Rebel Liberal MPs angry at NSW Premier Gladys Berejiklian over her support for a bill to decriminalise abortion past 20 weeks have called off a leadership spill motion against her.
Tanya Davies, Lou Amato, and Matthew Mason-Cox on Monday night announced they would call an “empty chair” spill motion against the premier because amendments they wanted had been rejected in full “or in part with vague undertakings for further discussion.”
But in a statement released before 8 a.m. on Tuesday, the MPs said they would withdraw the motion.
“Since releasing our statement last night, we have received confirmation that further concessions will be forthcoming in relation to the amendments to the abortion bill,” they said.
“On this basis, I have called the premier this morning and advised her that we will withdraw the spill motion to continue negotiations prior to the debate in the upper house commencing later today.”
Senior Liberal ministers had also come out in support of Berejiklian ahead of a Liberal party room meeting at 10 a.m.
“Gladys is the people’s choice as Premier and I support her as our leader,” Treasurer Dominic Perrottet tweeted on Monday night soon after the rebels’ announcement. Perrottet, a father of five, does not support the abortion bill.
Attorney-General Mark Speakman, Police minster David Elliot, Transport Minister Andrew Constance, and Families and Communities Minister Gareth Ward joined Perrottet in backing Berejiklian.
Ward characterised the three MPs as an “arrogant” fringe.
“The reality is that this is an attempt by people who want to hold the rest of parliament over a barrel because they’re not getting their way on a particular issue,” he told ABC radio.
Opponents of the bill have raised concerns about late-term abortions, gender-based terminations, and the way the bill was introduced.
The private member’s bill was moved by Independent lower house MP Alex Greenwich in August.
The 15 co-sponsors for the NSW abortion decriminalisation bill are from across the political spectrum:
3 x Libs (including health minister)
5 x ALP
2 x Nats
2 x Independents
2 x Greens
1 x Animal Justice #nswpol pic.twitter.com/nADZLJ10jV
— Gina Rushton (@ginarush) July 29, 2019
It’s caused division within the conservative rump of the Liberal party, with Davies and another Liberal MP Kevin Conolly repeatedly threatening to move the crossbench unless amendments to the abortion bill were made.

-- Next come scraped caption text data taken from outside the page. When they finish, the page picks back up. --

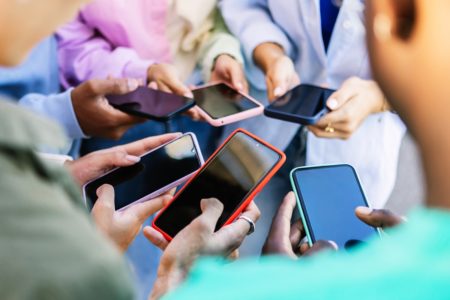 Imagem colorida de jovens mexendo no celular juntos - Metrópoles
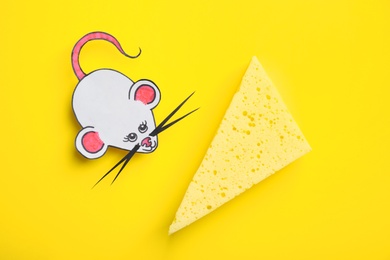 Photo of Paper mouse with piece of cheese on yellow background, flat lay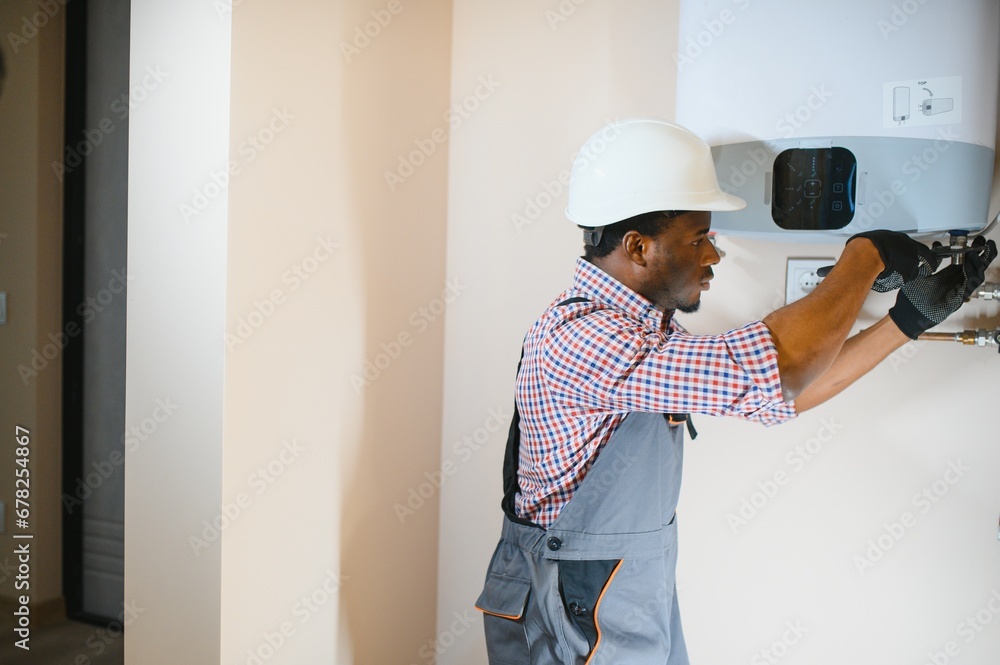 African american worker set up central gas heating boiler at home African american worker set up central gas heating boiler at home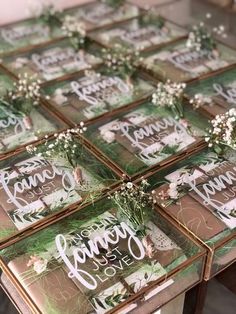 several glass trays with flowers and greenery on them are sitting on a table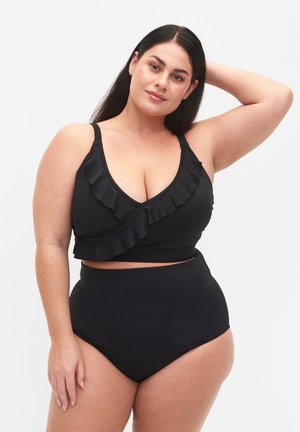 Čierny bikini set s volánovým prekrytím a vysoko pásovými nohavičkami. Hladká textúra s nastaviteľnými ramienkami.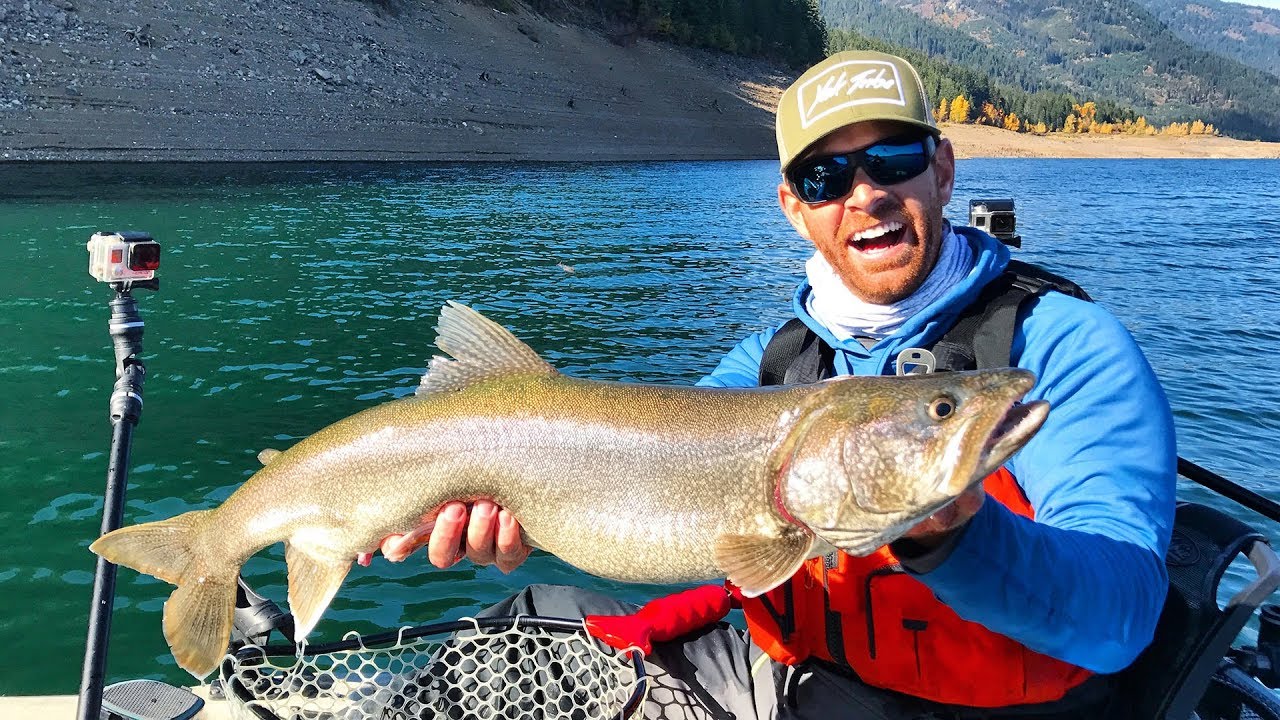 Kayak fishing for mackinaw lake trout and burbots in deep, icy waters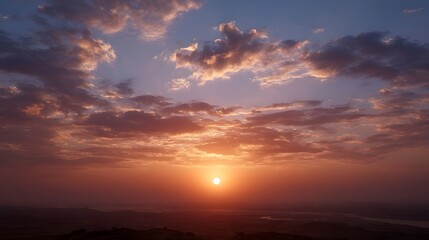Fototapeta premium A dramatic sunrise paints the sky with vibrant hues of orange pink and purple over a serene landscape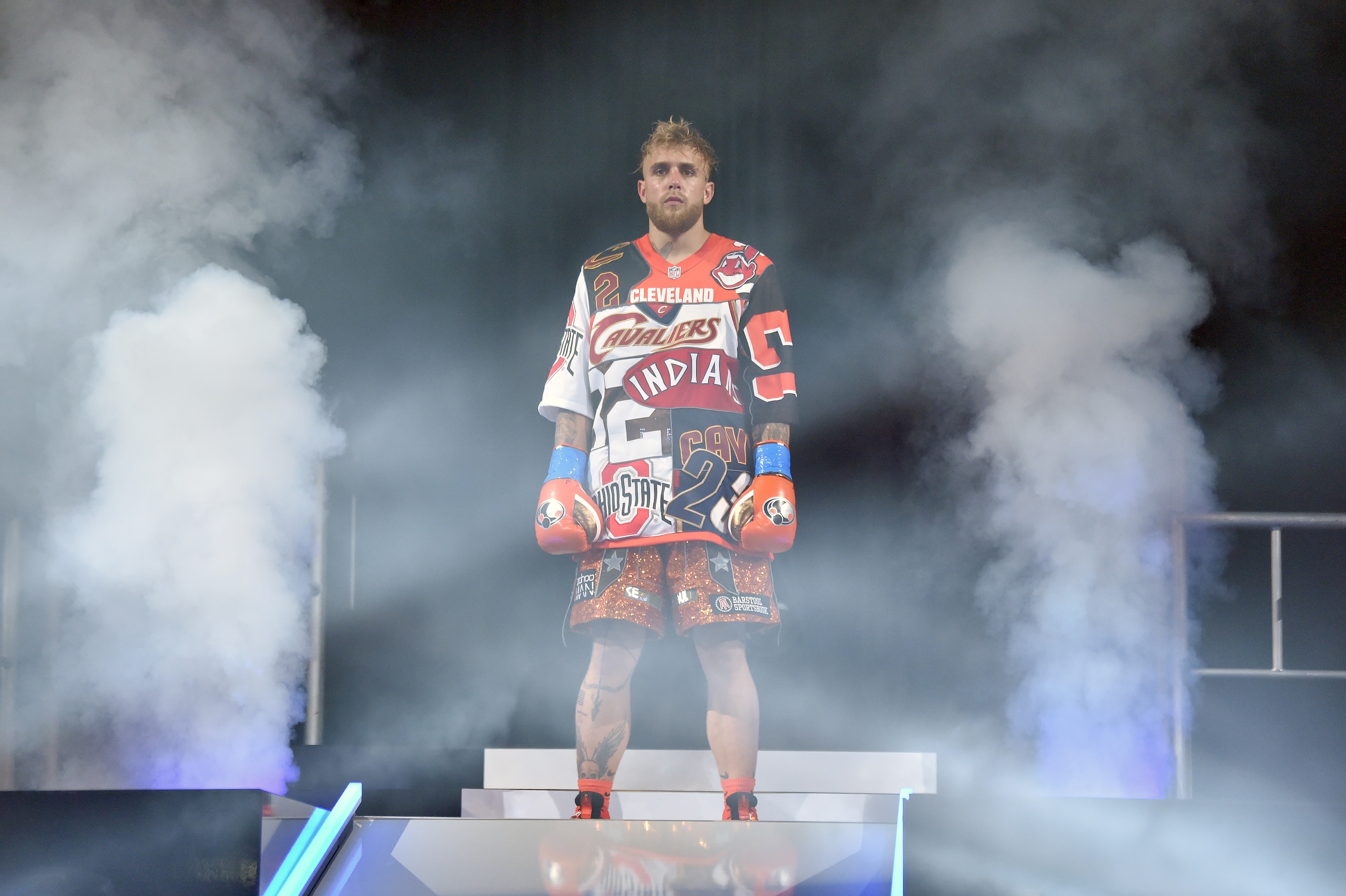 CLEVELAND, OHIO - AUGUST 29: Jake Paul enters the arena prior to the fight against Tyron Woodley in their cruiserweight bout during a Showtime pay-per-view event at Rocket Morgage Fieldhouse on August 29, 2021 in Cleveland, Ohio. (Photo by Jason Miller/Getty Images) CLEVELAND, OHIO - AUGUST 29: Jake Paul enters the arena prior to the fight against Tyron Woodley in their cruiserweight bout during a Showtime pay-per-view event at Rocket Morgage Fieldhouse on August 29, 2021 in Cleveland, Ohio. (Photo by Jason Miller/Getty Images)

The Berejiklian governments holds a slim two-seat majority following the March state election.
In its current form, the legislation would allow terminations up to 22 weeks, as well as later abortions if two doctors agree the termination should occur.
The Reproductive Health Care Reform Bill 2019 passed the NSW lower house 59-31 in August when Liberal MPs were allowed a conscience vote.
On Sunday, thousands of NSW residents gathered to voice their opposition to the bill.
Former Prime Minister Tony Abbott and federal Nationals MP Barnaby Joyce spoke at the pro-life rally.
NSW upper house MPs were due to start considering changes to the bill on Tuesday afternoon, after a weekend of demonstrations by supporters and opponents of the legislation.